Animal City
How the messy world of livestock raising was banished from U.S. cities—and replaced by pets, zoos, and children’s tales
How the messy world of livestock raising was banished from U.S. cities—and replaced by pets, zoos, and children’s tales
By Jeremy Schwab
In 1842, the British novelist and social observer Charles Dickens toured America, recording for the British public his accounts of daily life in American cities. New York City in particular fascinated him. He was at times amazed, amused, and horrified by the colorful dress of the wealthy, the filth of New York’s working-class Five Points neighborhood, and the free-ranging sows and “gentlemen hogs” who walked Broadway and ate the city’s garbage.
These last observations, of the city’s animal population, were what most interested CAS Assistant Professor of History Andrew Robichaud, and they are the reason he includes the anecdote in his recent book, Animal City: The Domestication of America (Harvard University Press). In Animal City, Robichaud chronicles the evolving role of animals in 19th-century American cities. He takes readers on a journey through the daily life of cities bustling with both human and animal inhabitants, then describes the growing push to banish livestock and livestock businesses to the fringes of urban areas. He shows how, by the end of the 19th century, most city residents’ relationships with animals were more similar to what they are today. The production of meat was out of sight and out of mind, the keeping of pets had become widespread, and a proliferation of zoos allowed the public to interact with animals in idealized settings.
In the early 19th century, the raising (and slaughtering) of livestock happened near the heart of industrializing cities. City inhabitants sometimes kept chickens and cows, grazing the latter in shared spaces such as the Boston Common. Slaughterhouses, hog farms, and rendering establishments rubbed shoulders with other downtown businesses, and cattle drives were common hazards on city streets.
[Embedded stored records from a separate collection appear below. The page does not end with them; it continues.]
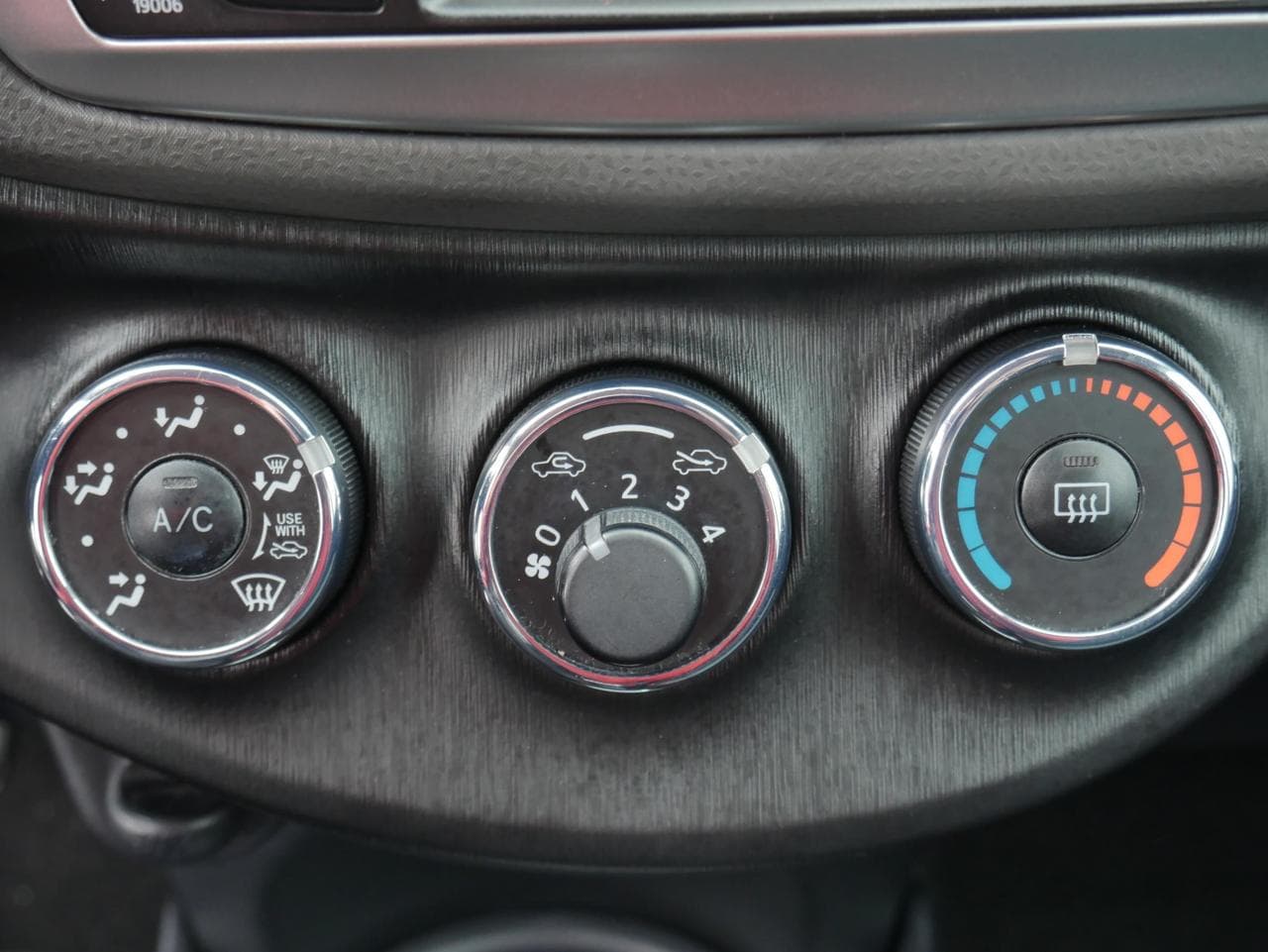 2012 Toyota YARIS - 14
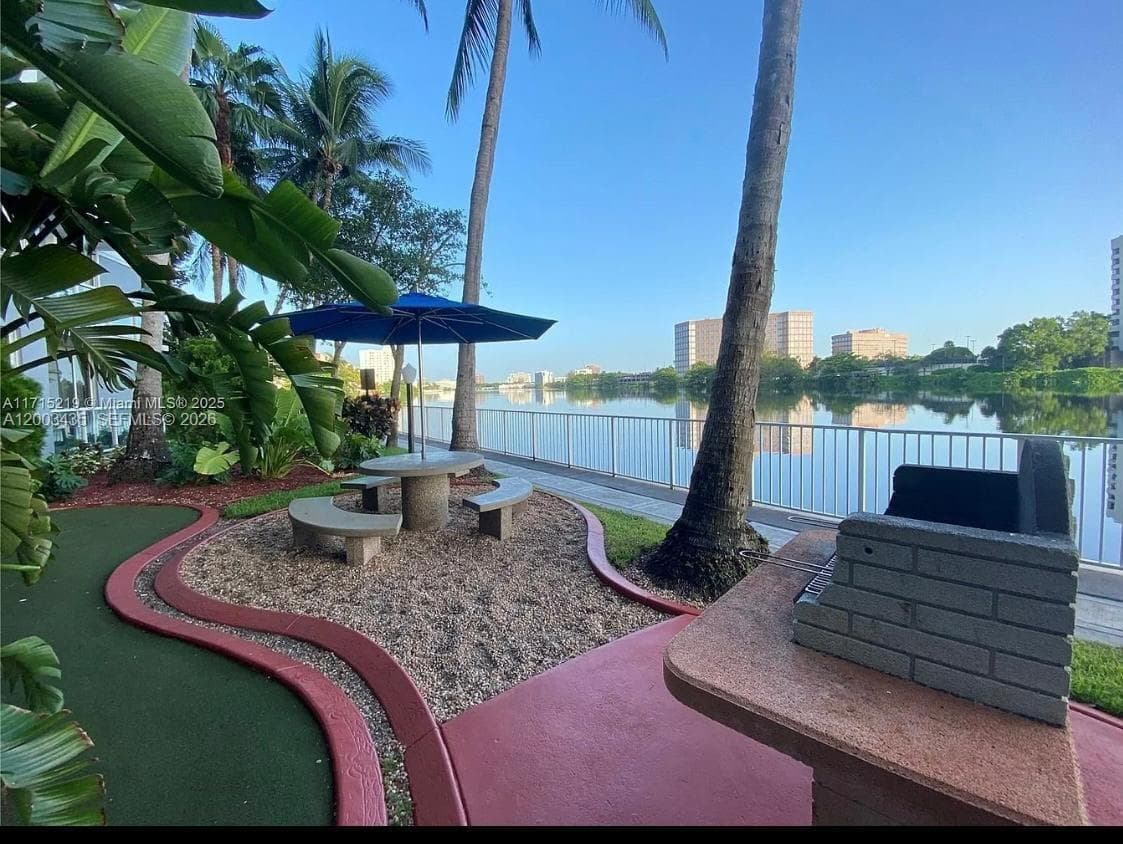 5077 7th St 1107 photo 7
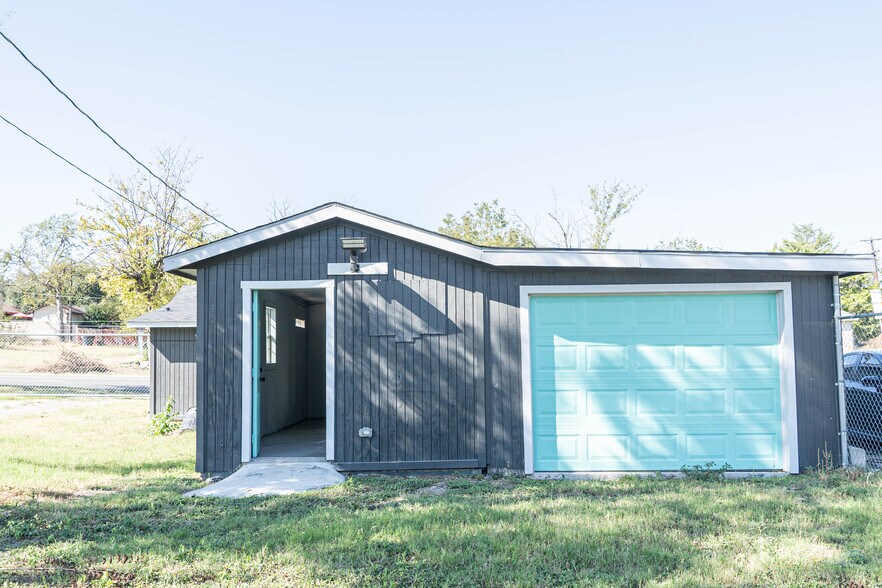 More Photos Of 605 Martin Luther King Jr Dr, Temple Research And Development For Sale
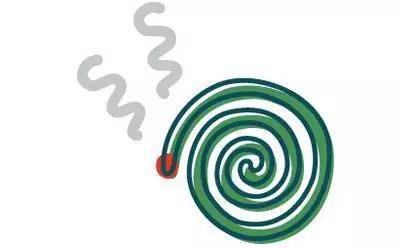 奔馳車突然起火！車主：車里有蚊子，點了盤蚊香……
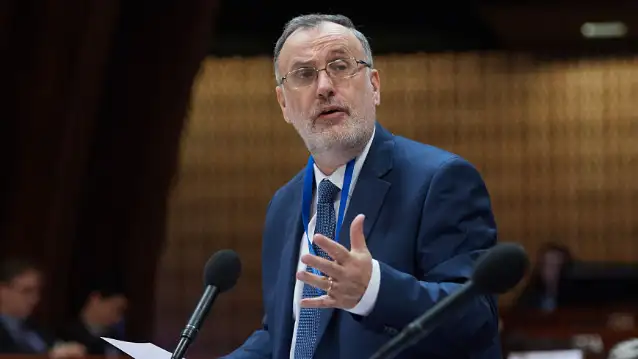 Marc Cools, Gençlik Delegesi Hocaoğulları'nın tutuklanmasını kınadı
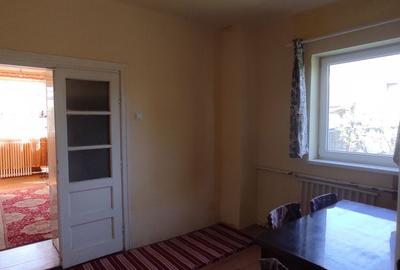 Casă cu 3 camere cu Teren 250 Mp în Centura - 1
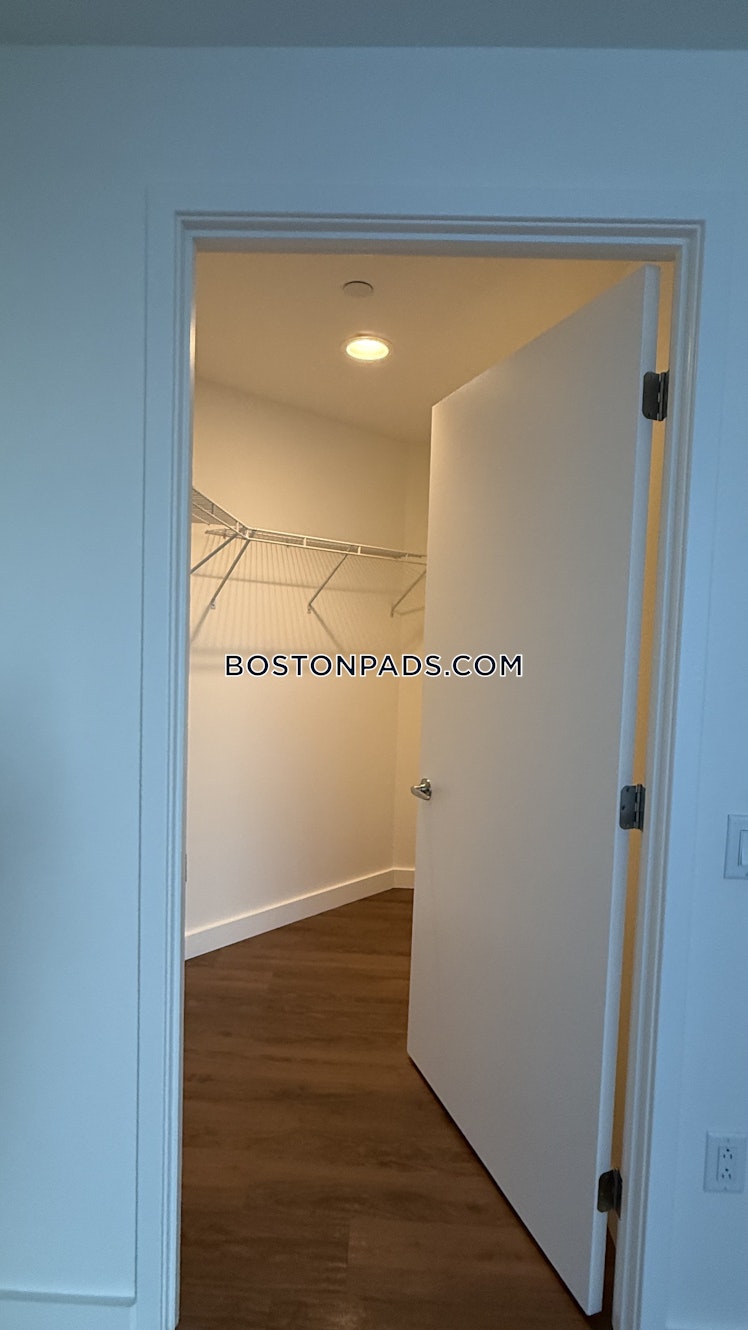 Boylston St., Boston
But as the century wore on, a growing chorus of city residents and leaders wanted to reform the noisy, smelly, and sometimes violent animal world at their doorsteps.
“There is a push in the 19th century to cleanse cities of human-animal interactions that are unpleasant or seen as demoralizing or degrading in some way,” said Robichaud. “That could mean seeing an animal beaten in the streets or seeing attractions that show animals that are deformed or freakish. Reformers were concerned that you would have children witnessing this in their daily lives.”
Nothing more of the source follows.